== Exercise data

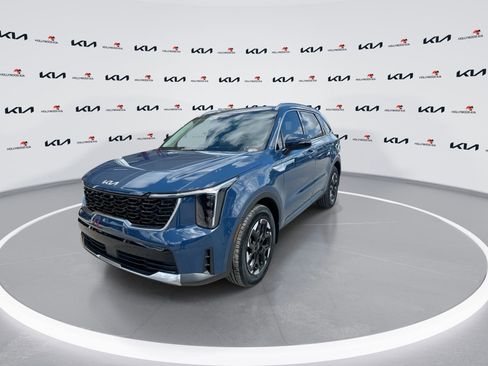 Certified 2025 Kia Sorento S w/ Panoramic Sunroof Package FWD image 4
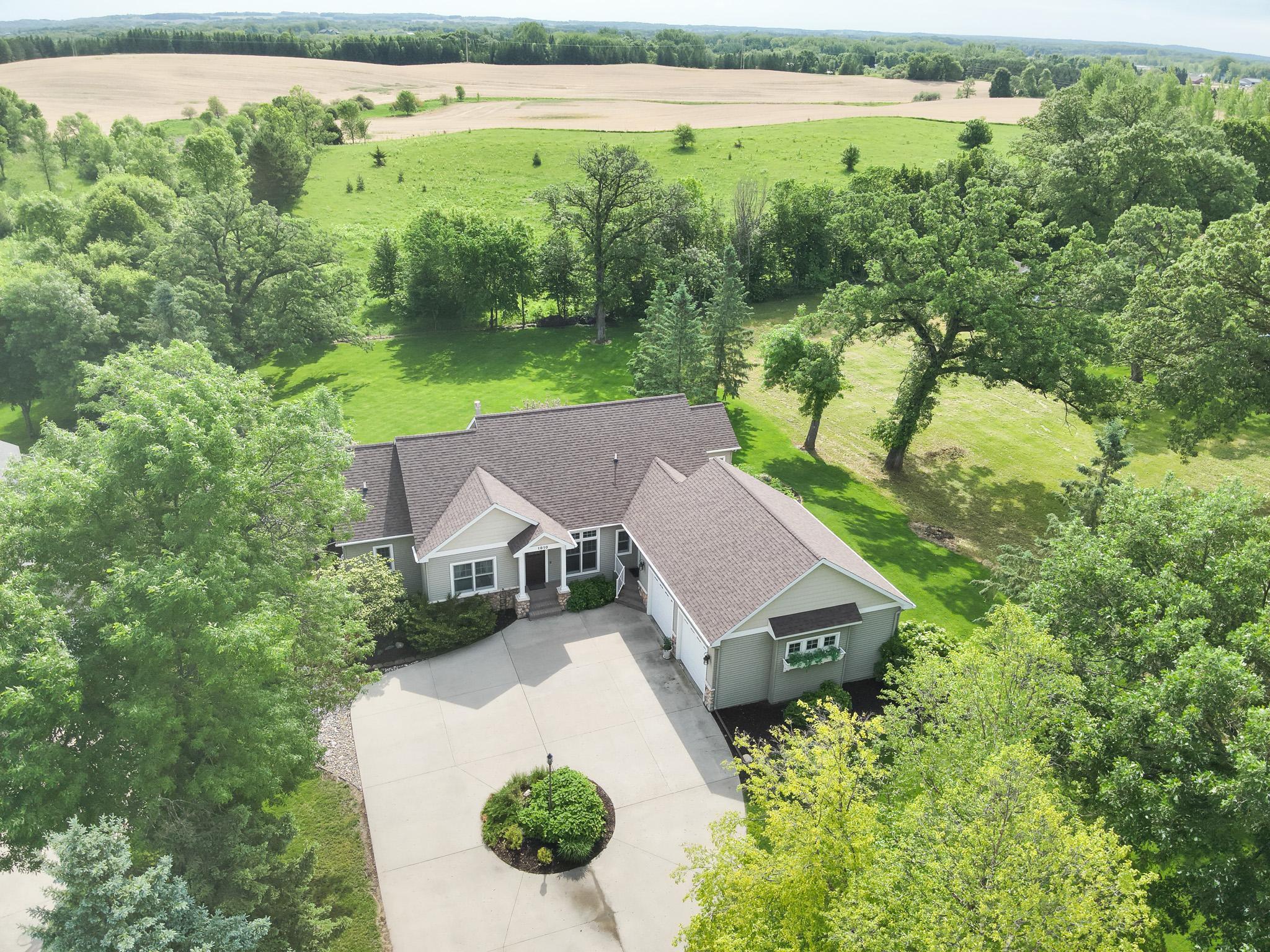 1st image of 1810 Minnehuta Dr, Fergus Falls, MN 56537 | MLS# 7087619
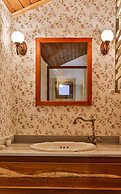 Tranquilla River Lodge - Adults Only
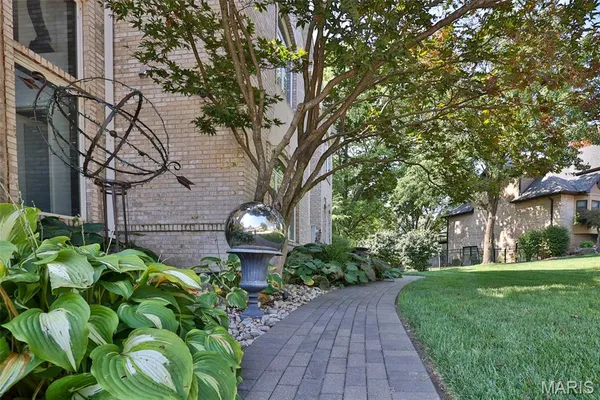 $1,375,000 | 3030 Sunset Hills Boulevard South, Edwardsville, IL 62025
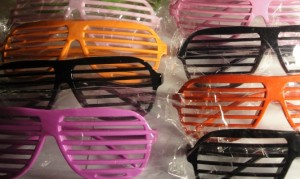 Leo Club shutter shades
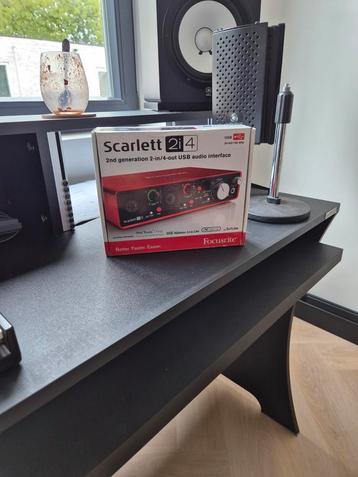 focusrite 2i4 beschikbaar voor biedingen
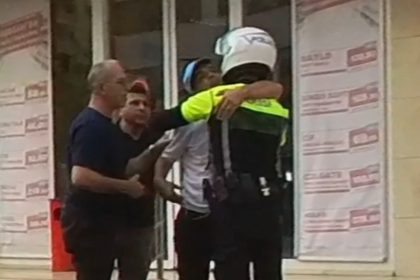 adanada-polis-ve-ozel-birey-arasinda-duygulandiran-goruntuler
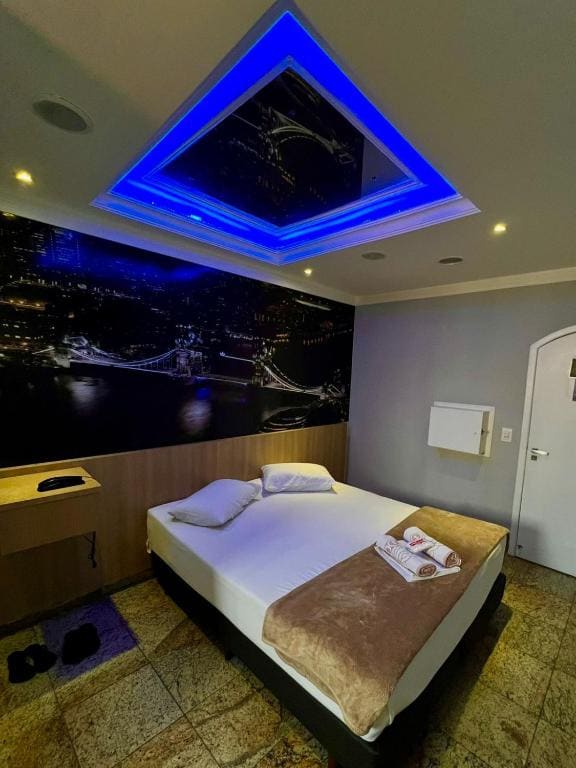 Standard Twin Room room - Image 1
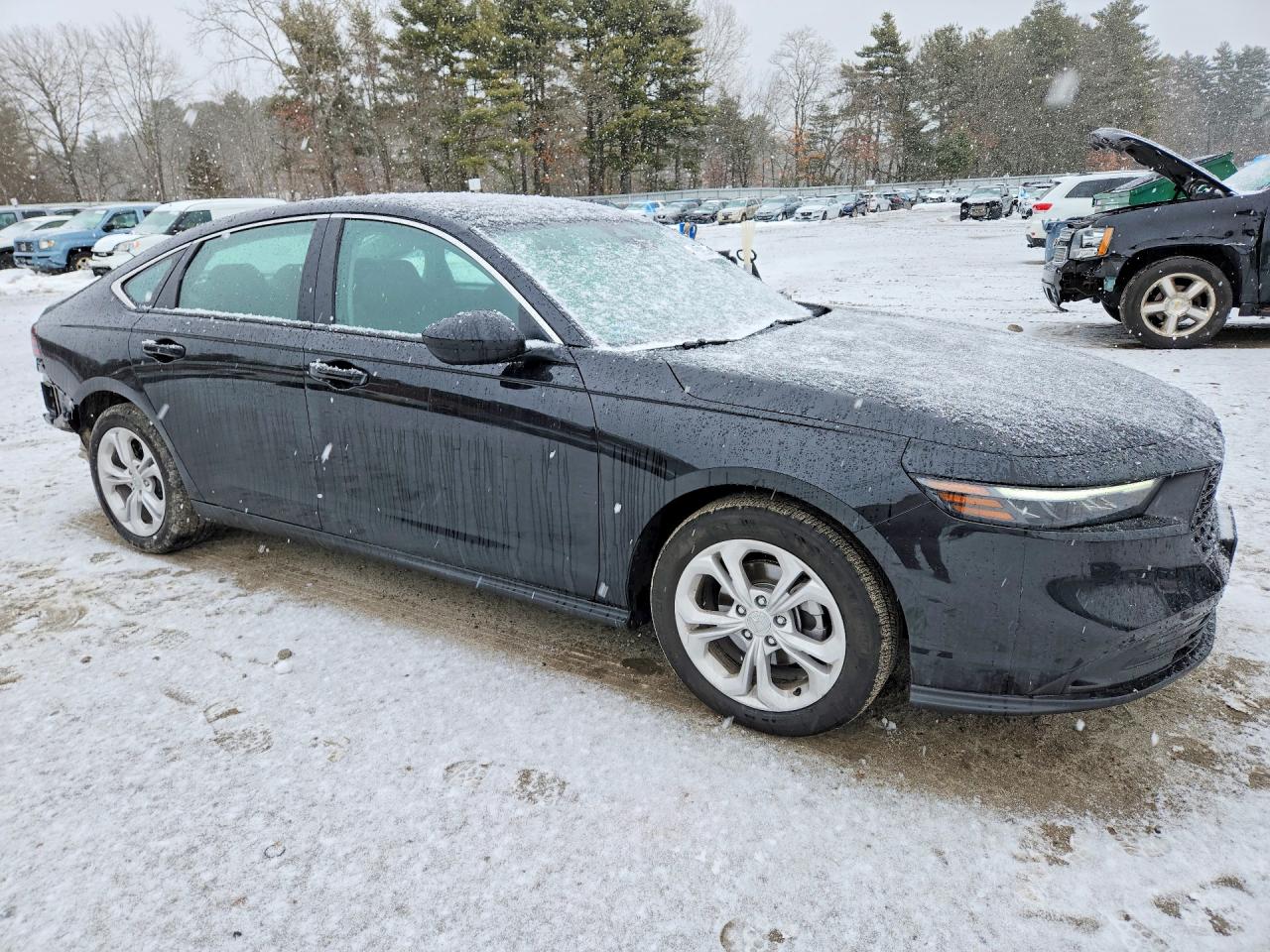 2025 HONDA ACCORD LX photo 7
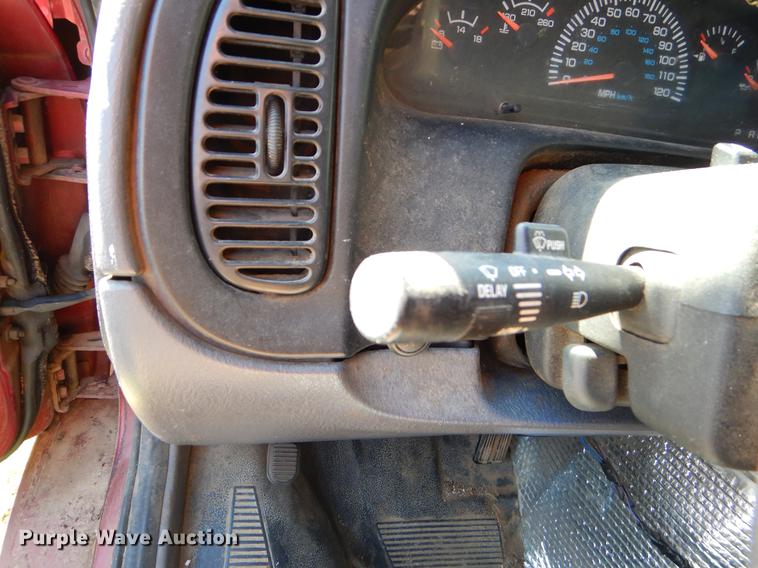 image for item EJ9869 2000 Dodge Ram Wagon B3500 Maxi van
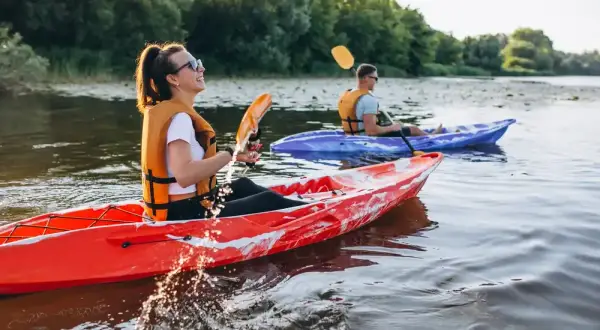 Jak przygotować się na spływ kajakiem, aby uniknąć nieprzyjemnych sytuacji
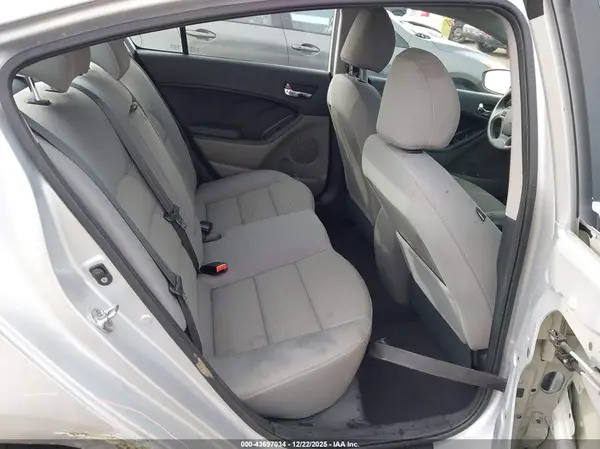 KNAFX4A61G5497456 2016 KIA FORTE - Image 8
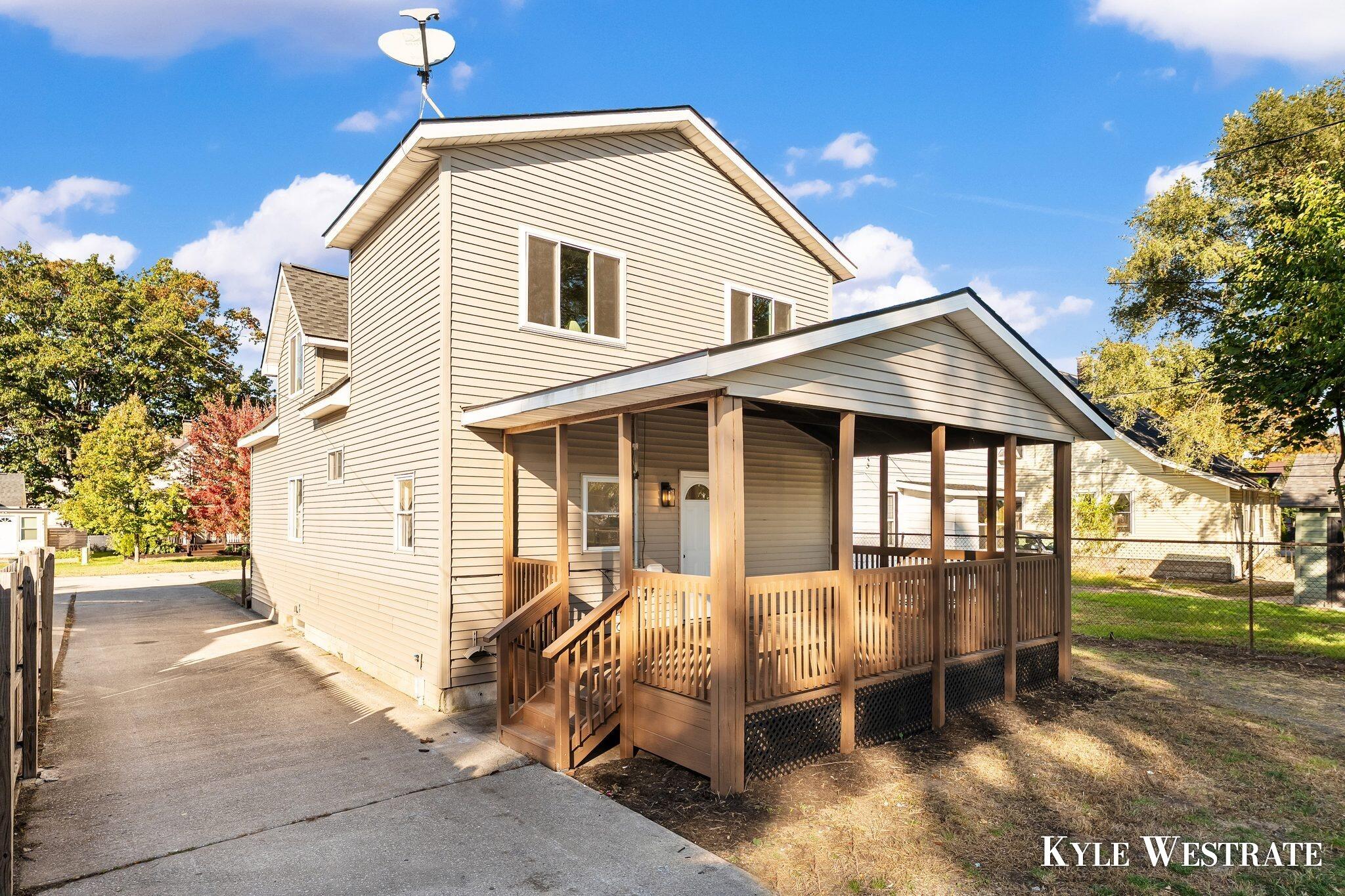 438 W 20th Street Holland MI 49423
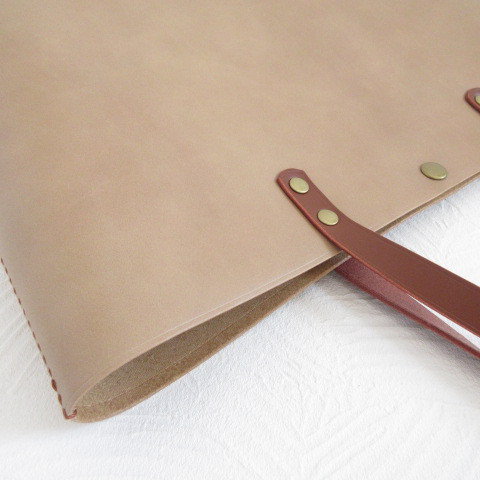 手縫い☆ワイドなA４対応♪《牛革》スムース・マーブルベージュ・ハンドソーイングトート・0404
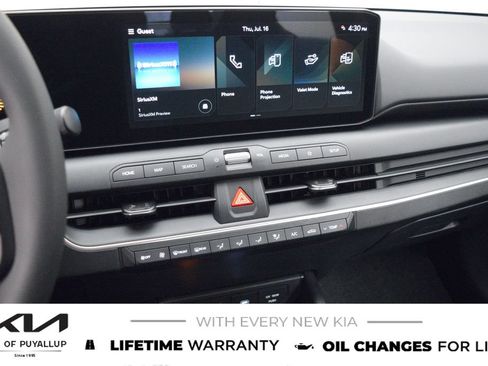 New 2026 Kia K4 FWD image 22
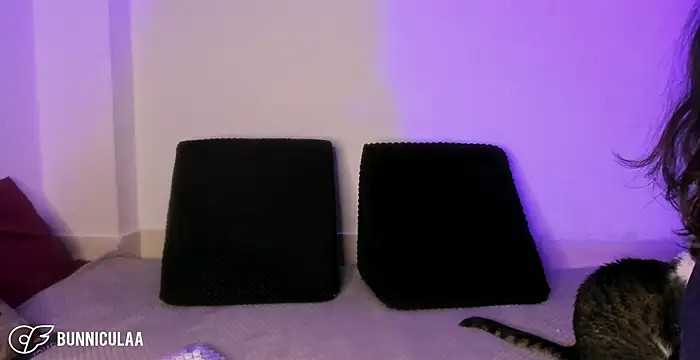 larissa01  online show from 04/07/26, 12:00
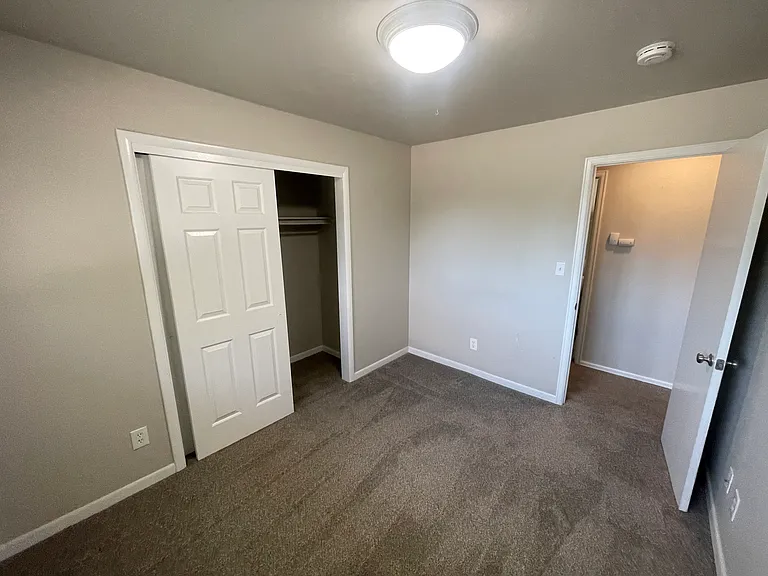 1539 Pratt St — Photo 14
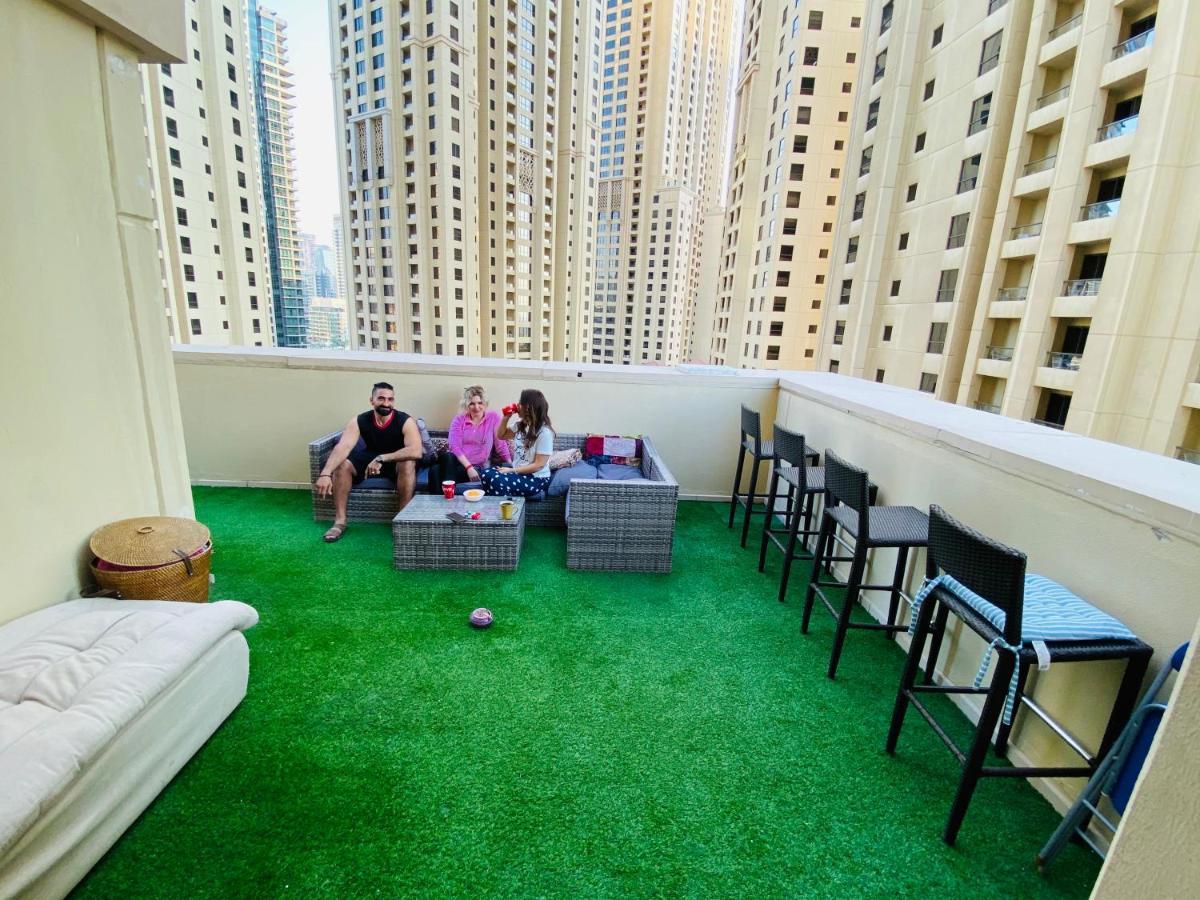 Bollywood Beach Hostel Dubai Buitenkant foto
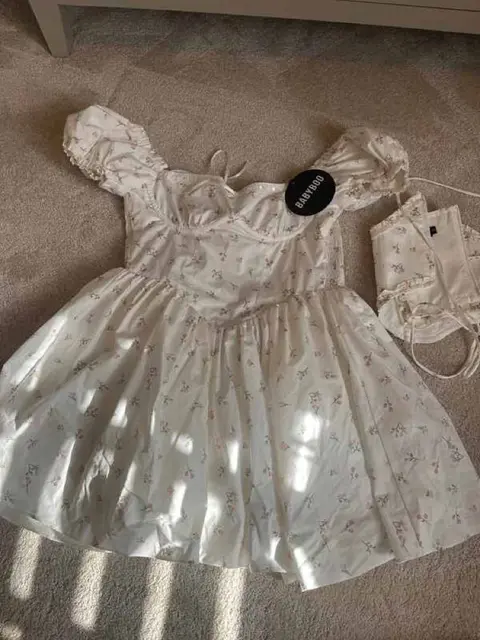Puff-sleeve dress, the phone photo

====

Please reproduce verbatim the lines from the line with "Jak przygotować się" through the final line of the listing, inclusive of both ends. Omit all pictures.

 Jak przygotować się na spływ kajakiem, aby uniknąć nieprzyjemnych sytuacji
 KNAFX4A61G5497456 2016 KIA FORTE - Image 8
 438 W 20th Street Holland MI 49423
 手縫い☆ワイドなA４対応♪《牛革》スムース・マーブルベージュ・ハンドソーイングトート・0404
 New 2026 Kia K4 FWD image 22
 larissa01  online show from 04/07/26, 12:00
 1539 Pratt St — Photo 14
 Bollywood Beach Hostel Dubai Buitenkant foto
Puff-sleeve dress, the phone photo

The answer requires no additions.